§ **What the exercise asks**
Every line below from the one containing "9 Quantity of" through the one containing "Leather Eyeglass Case Pop Red/Natural" is to be printed exactly, with the pictures omitted.

§ **Data supplied**
- Opening Delimiter -
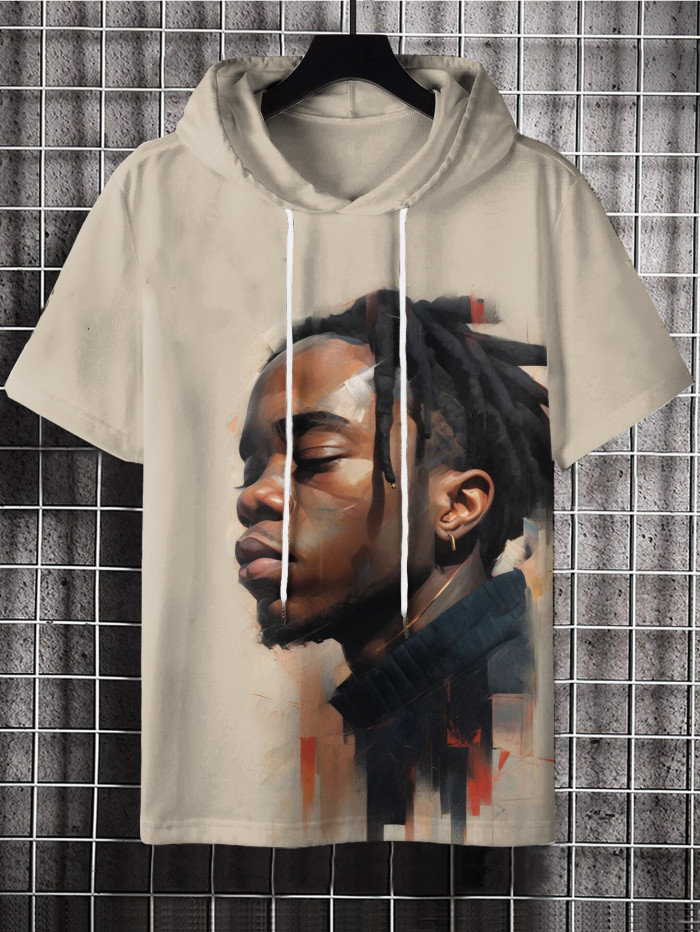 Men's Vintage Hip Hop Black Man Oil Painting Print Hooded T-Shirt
- Closing Delimiter -
- Opening Delimiter -
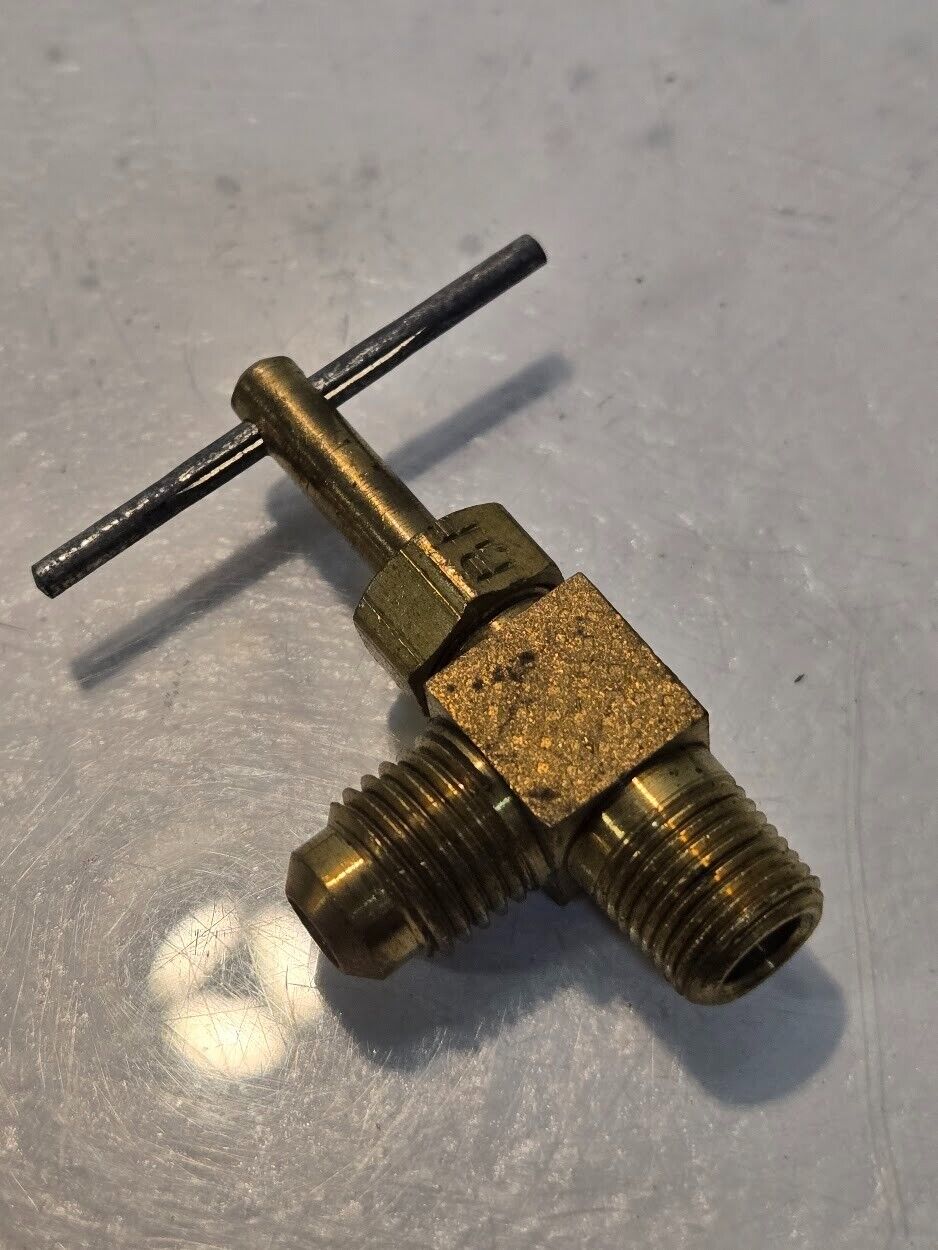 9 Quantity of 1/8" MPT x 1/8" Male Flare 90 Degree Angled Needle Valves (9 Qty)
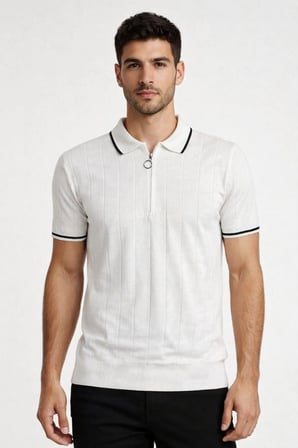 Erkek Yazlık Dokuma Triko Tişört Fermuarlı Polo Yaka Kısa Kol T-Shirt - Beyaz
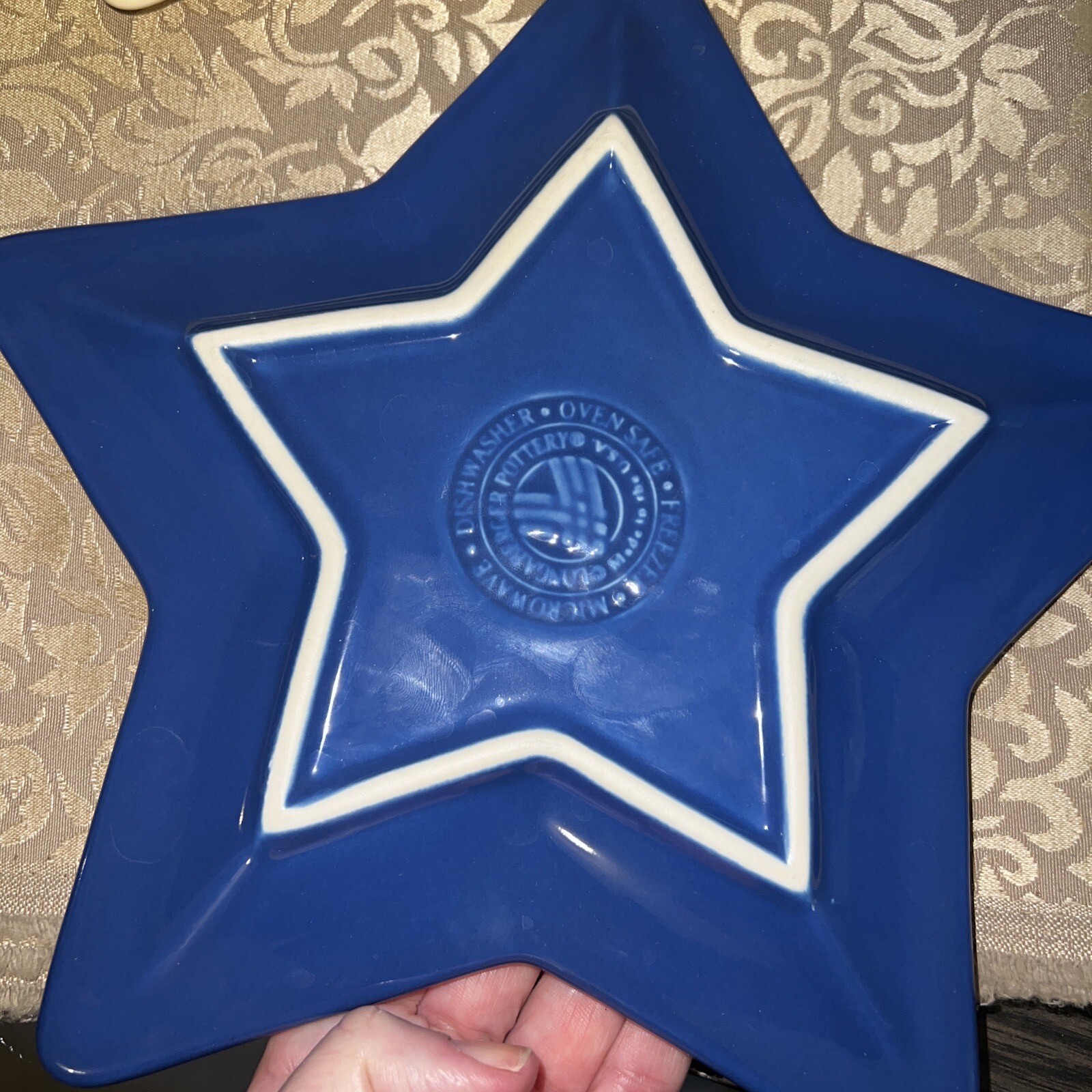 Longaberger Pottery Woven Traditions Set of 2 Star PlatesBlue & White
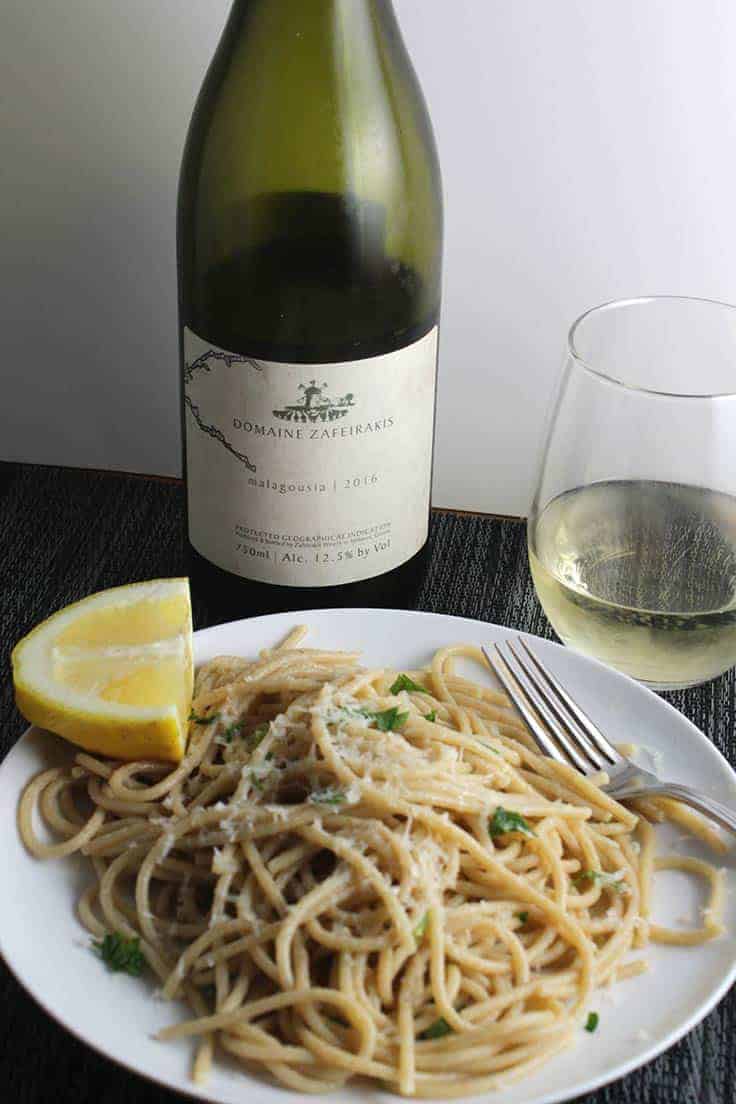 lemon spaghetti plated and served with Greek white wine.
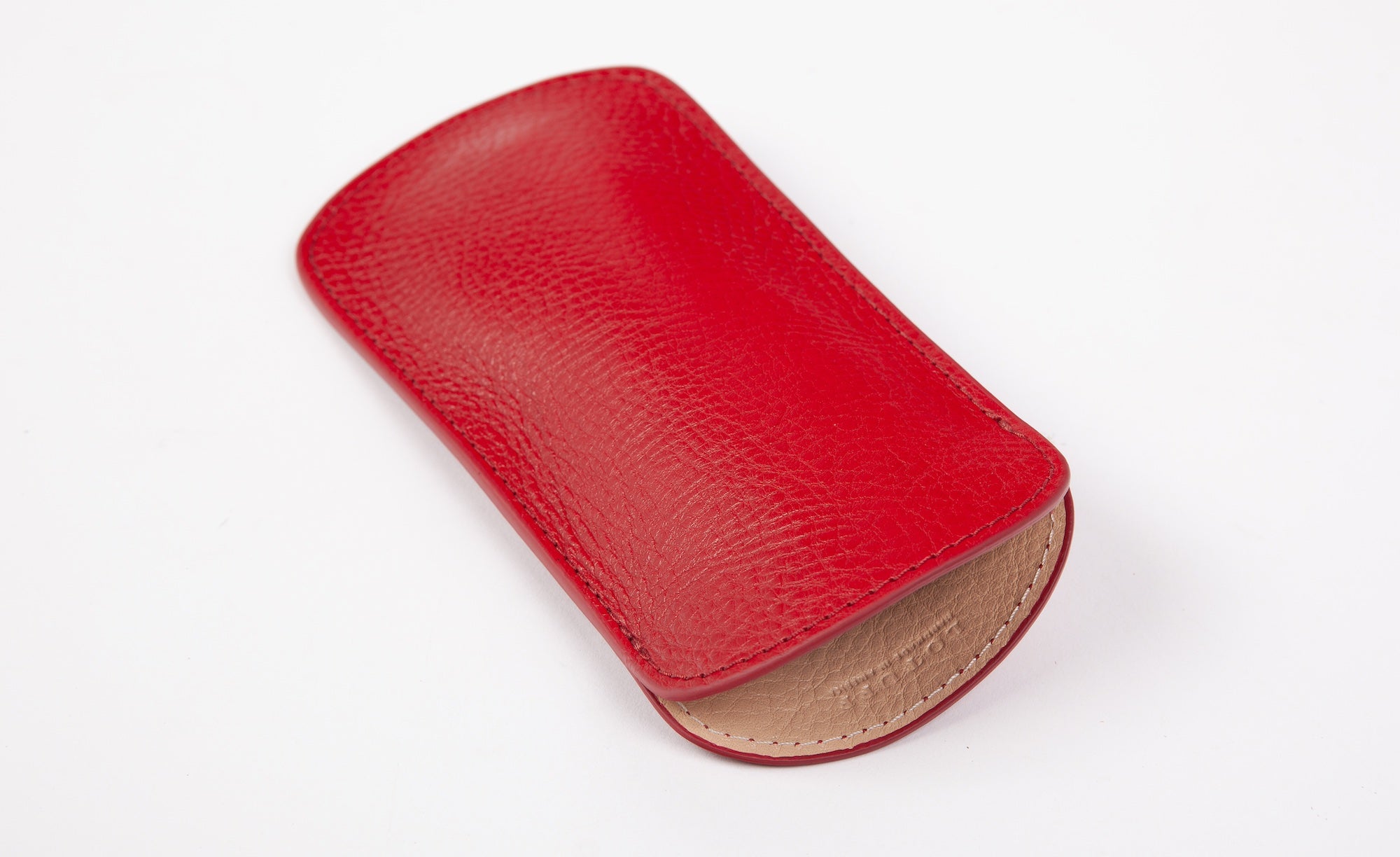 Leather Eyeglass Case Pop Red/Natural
- Closing Delimiter -
- Opening Delimiter -
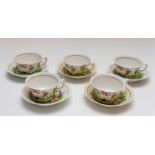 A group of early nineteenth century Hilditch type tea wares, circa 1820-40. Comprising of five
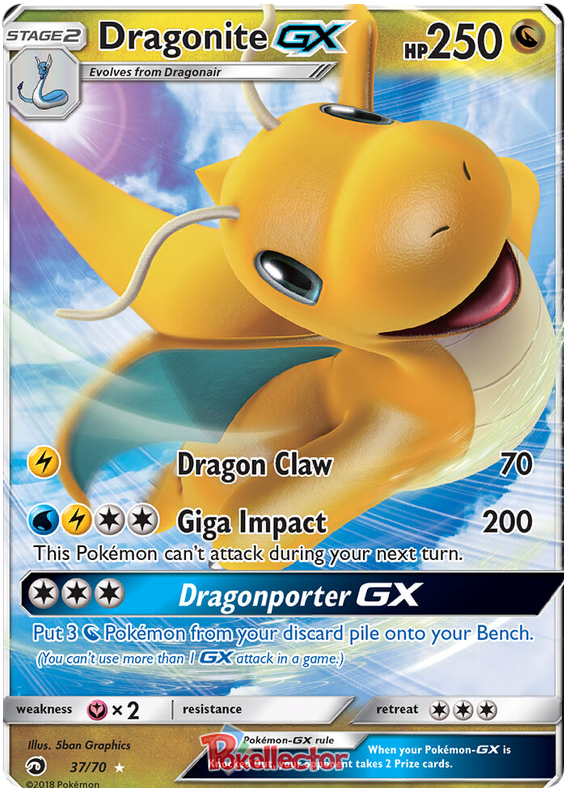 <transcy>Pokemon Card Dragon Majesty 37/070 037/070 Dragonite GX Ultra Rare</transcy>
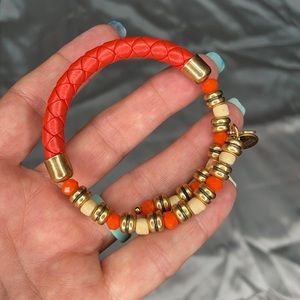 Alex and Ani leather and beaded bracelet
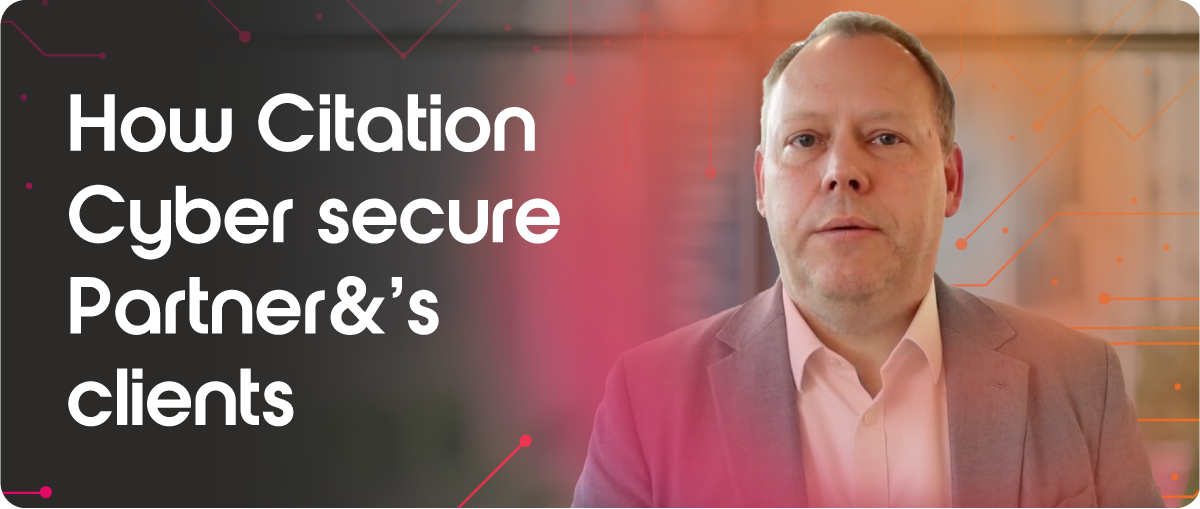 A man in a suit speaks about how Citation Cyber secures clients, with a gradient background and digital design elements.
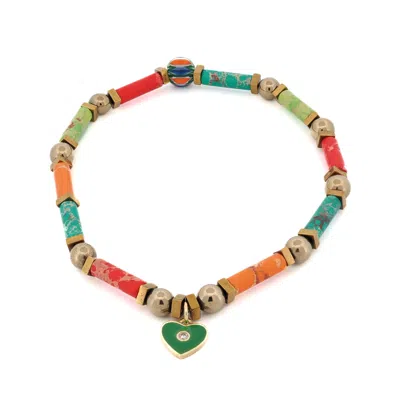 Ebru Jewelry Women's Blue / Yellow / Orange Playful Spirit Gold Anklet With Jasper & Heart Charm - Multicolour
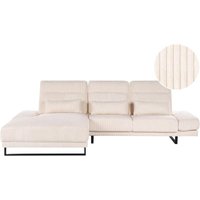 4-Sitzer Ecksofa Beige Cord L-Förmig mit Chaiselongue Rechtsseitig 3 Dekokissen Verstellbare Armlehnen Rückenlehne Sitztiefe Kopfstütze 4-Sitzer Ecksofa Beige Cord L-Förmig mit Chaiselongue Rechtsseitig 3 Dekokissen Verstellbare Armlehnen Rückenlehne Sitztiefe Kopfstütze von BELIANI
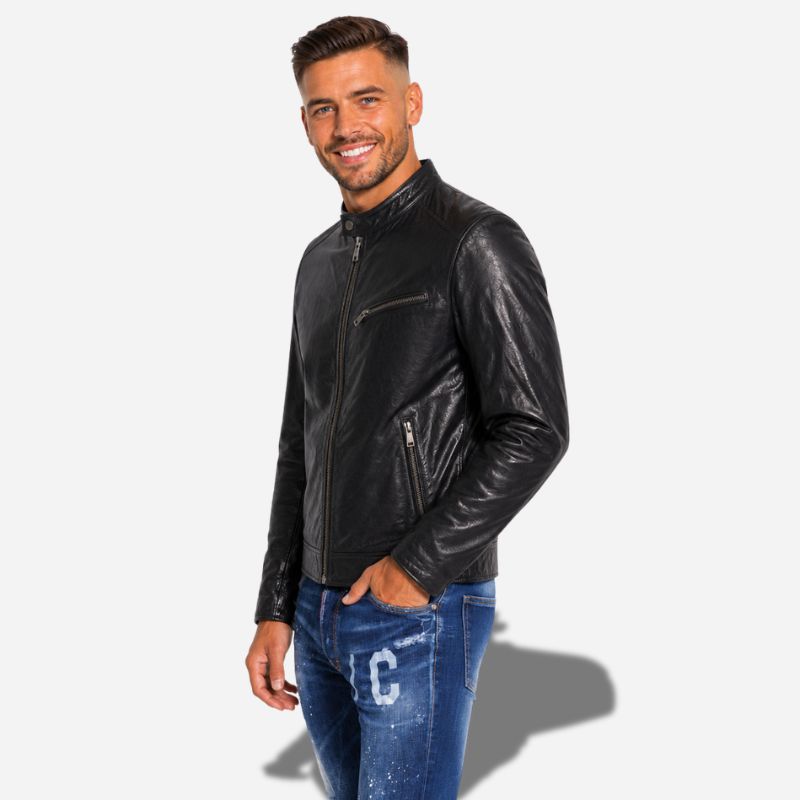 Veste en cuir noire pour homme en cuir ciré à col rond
- Closing Delimiter -
§ **Finished exercise**
 9 Quantity of 1/8" MPT x 1/8" Male Flare 90 Degree Angled Needle Valves (9 Qty)
 Erkek Yazlık Dokuma Triko Tişört Fermuarlı Polo Yaka Kısa Kol T-Shirt - Beyaz
 Longaberger Pottery Woven Traditions Set of 2 Star PlatesBlue & White
 lemon spaghetti plated and served with Greek white wine.
 Leather Eyeglass Case Pop Red/Natural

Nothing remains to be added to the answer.